_Your goal_
Copy the entries below word for word, but omit any pictures they contain.

_Information supplied_
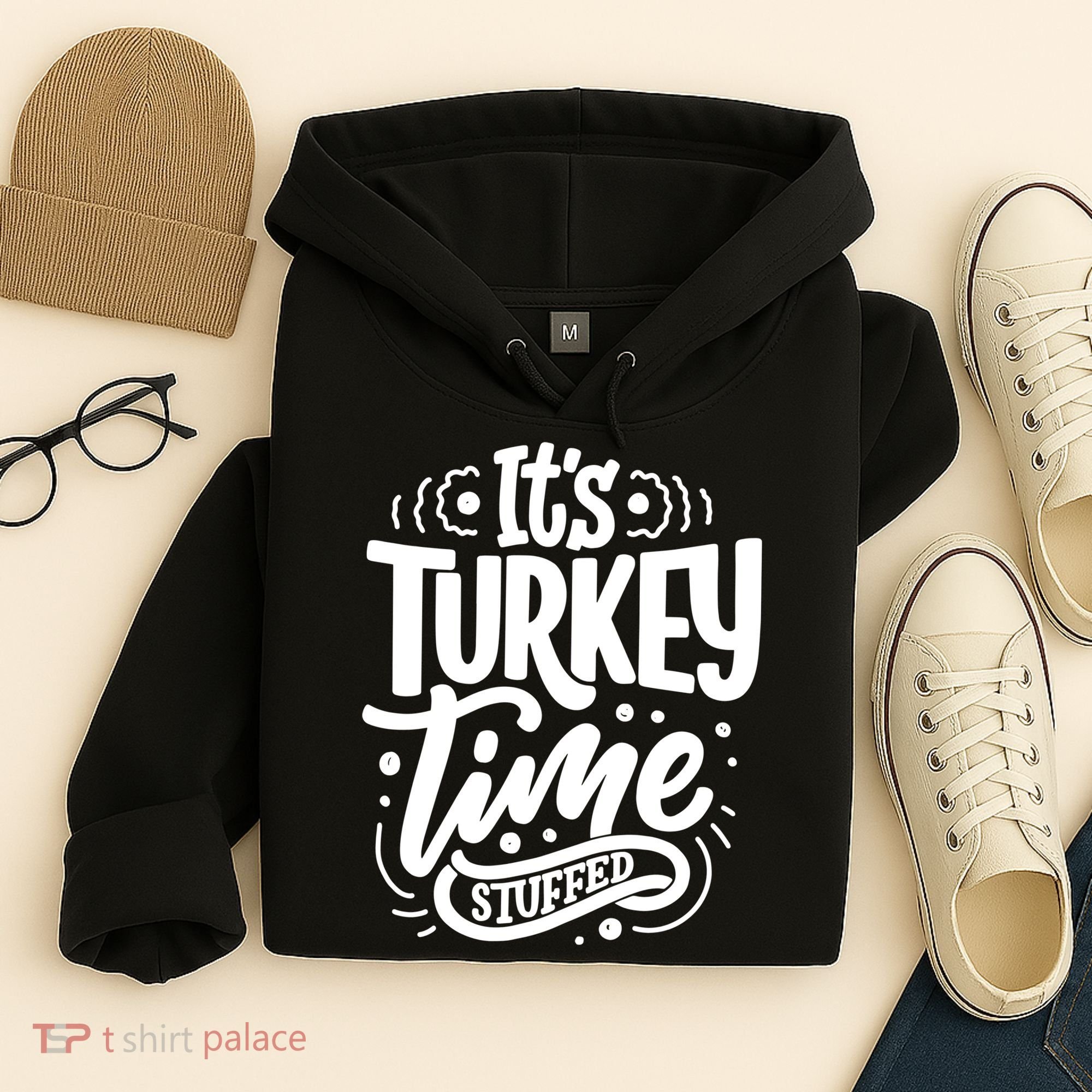 It's Turkey Time Stuffed Thanksgiving Hoodie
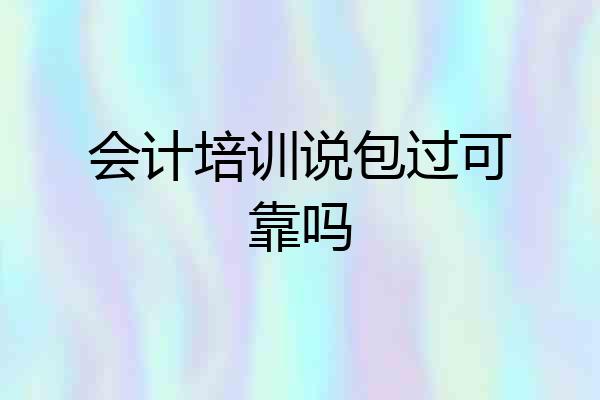 会计培训说包过可靠吗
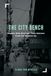 The City Bench: Mayors Who Rewired Their Nations from the Bottom Up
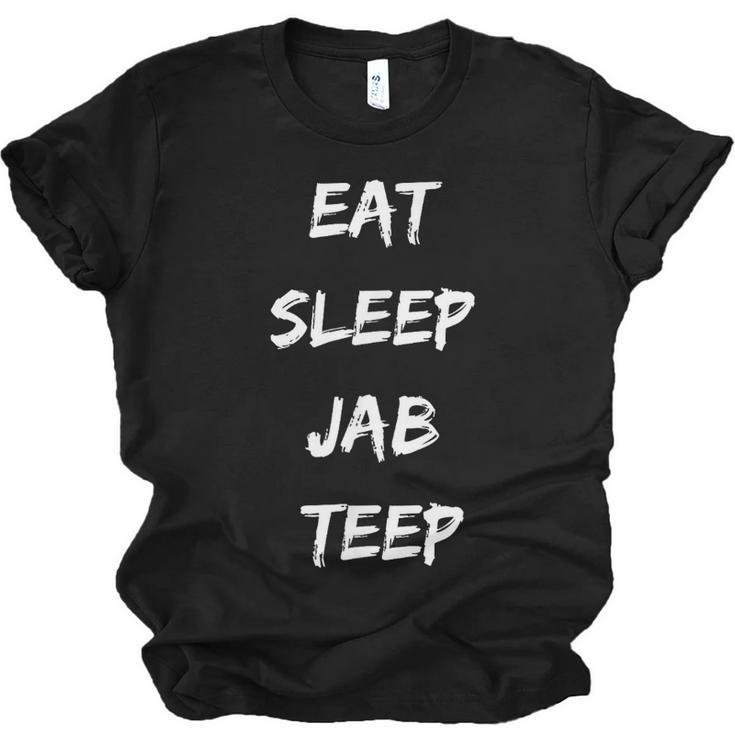 Eat Sleep Jab Teep Rep Muay Thai Unisex Jersey T-Shirt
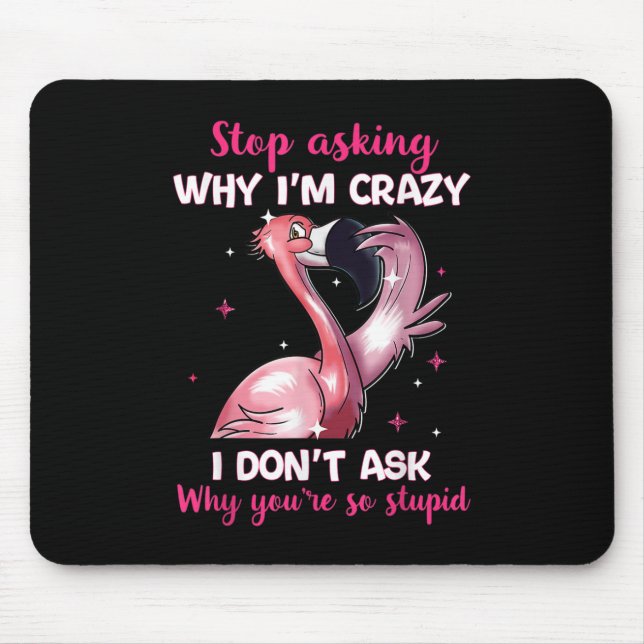 Frag nicht, warum ich verrückt bin - warum du so b mousepad (Vorne)
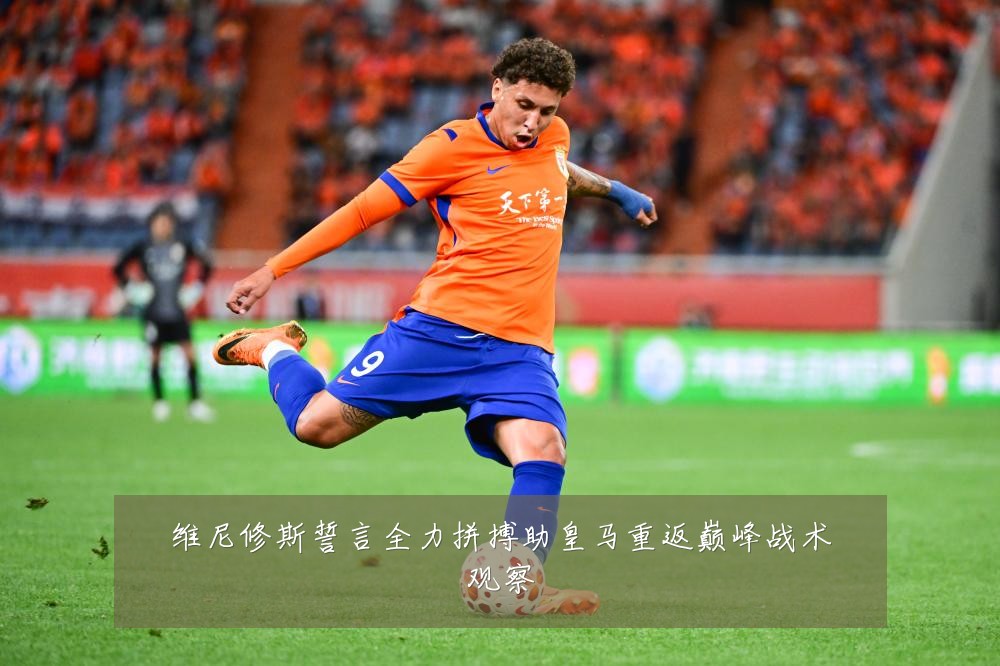 维尼修斯誓言全力拼搏助皇马重返巅峰战术观察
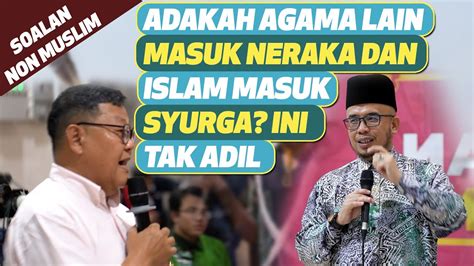 Adakah Agama Lain Masuk Neraka Dan Islam Masuk Syurga Ini Kelihatan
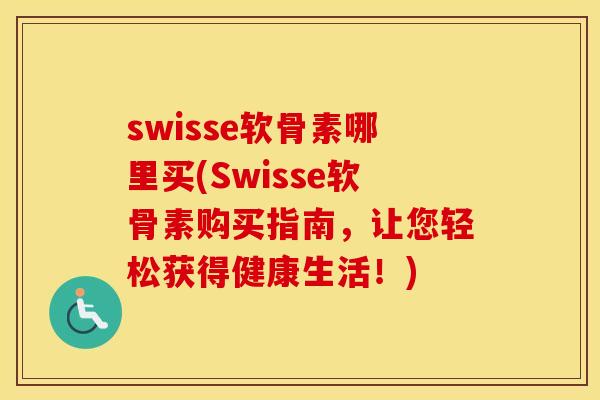 swisse软骨素哪里买(Swisse软骨素购买指南,让您轻松获得健康生活!) swisse软骨素哪里买(Swisse软骨素购买指南,让您轻松获得健康生活!)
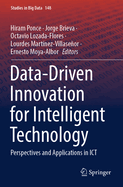 Data-driven Innovation for Intelligent Technology: Perspectives and Applications in ICT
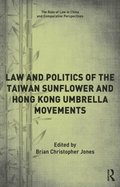 Law and Politics of the Taiwan Sunflower and Hong Kong Umbrella Movements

_Solution for this task_
 It's Turkey Time Stuffed Thanksgiving Hoodie
 会计培训说包过可靠吗
 The City Bench: Mayors Who Rewired Their Nations from the Bottom Up
 Eat Sleep Jab Teep Rep Muay Thai Unisex Jersey T-Shirt
 Frag nicht, warum ich verrückt bin - warum du so b mousepad (Vorne)
 维尼修斯誓言全力拼搏助皇马重返巅峰战术观察
 Adakah Agama Lain Masuk Neraka Dan Islam Masuk Syurga Ini Kelihatan
 swisse软骨素哪里买(Swisse软骨素购买指南,让您轻松获得健康生活!) swisse软骨素哪里买(Swisse软骨素购买指南,让您轻松获得健康生活!)
 Data-driven Innovation for Intelligent Technology: Perspectives and Applications in ICT
 Law and Politics of the Taiwan Sunflower and Hong Kong Umbrella Movements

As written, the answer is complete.